The Lower Quote, As If You Didn't Know, Is By Richard Dawkins, Son.

Sunday, October 22, 2006

Good Pets?

I'm watching TV today and on Spike there was a commercial for a show called When Good Pets Go Bad. Now, I'm all in favour of watching animals beat the living fuck out of people - I've gone on record in the past as saying there's nothing funnier than when wild animals tear into the flesh and bone of a giant dipshit.

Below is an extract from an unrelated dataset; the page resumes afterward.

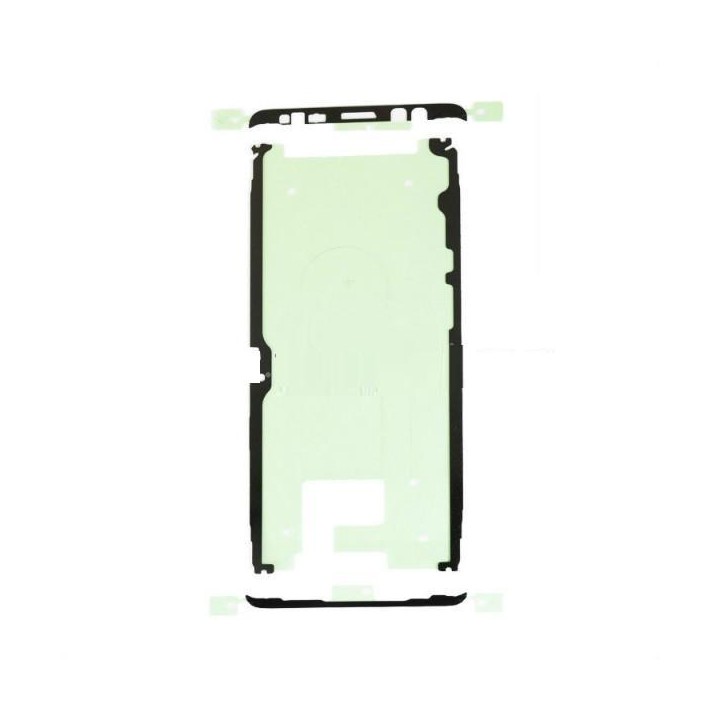 COLLA ADESIVO FRONTALE PER SAMSUNG GALAXY NOTE 8 N950F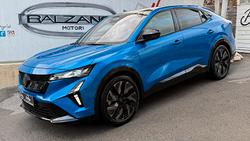 RENAULT RAFALE E-TECH 200 ESPRIT ALPINE 2024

That being said, the commerical has short clips of a cobra striking at the groin of a dude, a crocodile snapping its jaws shut on the head of some asshat, and a bull tossing a rider through the air like so many potatos in a sack. All very entertaining and, in my opinion, humerous bits; the problem is that none of these animals are good pets. It's a tad misleading in the advertising and in the name of the show. Cats, dogs, budgies...I'd even extend it to include ferrets, iguanas, and what the hell, llamas. If you happen to be the owner of a crocodile, however, and it decides one day to "go bad", let me let you in on a little secret that everyone else knows as something called "regular common sense": crocodiles, cobras, and bulls make shitty pets that don't "go bad", they just think you'd make like a Coffee Crisp - a nice light snack.

2 Barbaric Yawps:

At 23/10/06 3:52 pm, Anonymous ATM said...

Ah, crocodiles. People buy them when they're tiny and cute but flush 'em down the toilet when they get big...or they keep 'em and get their heads stuck in their mouths.

At 27/10/06 1:43 pm, Anonymous modusoperandi said...

It is Darwin in action...just as long as that Cobra bit that guy's crotch before he had managed to reproduce.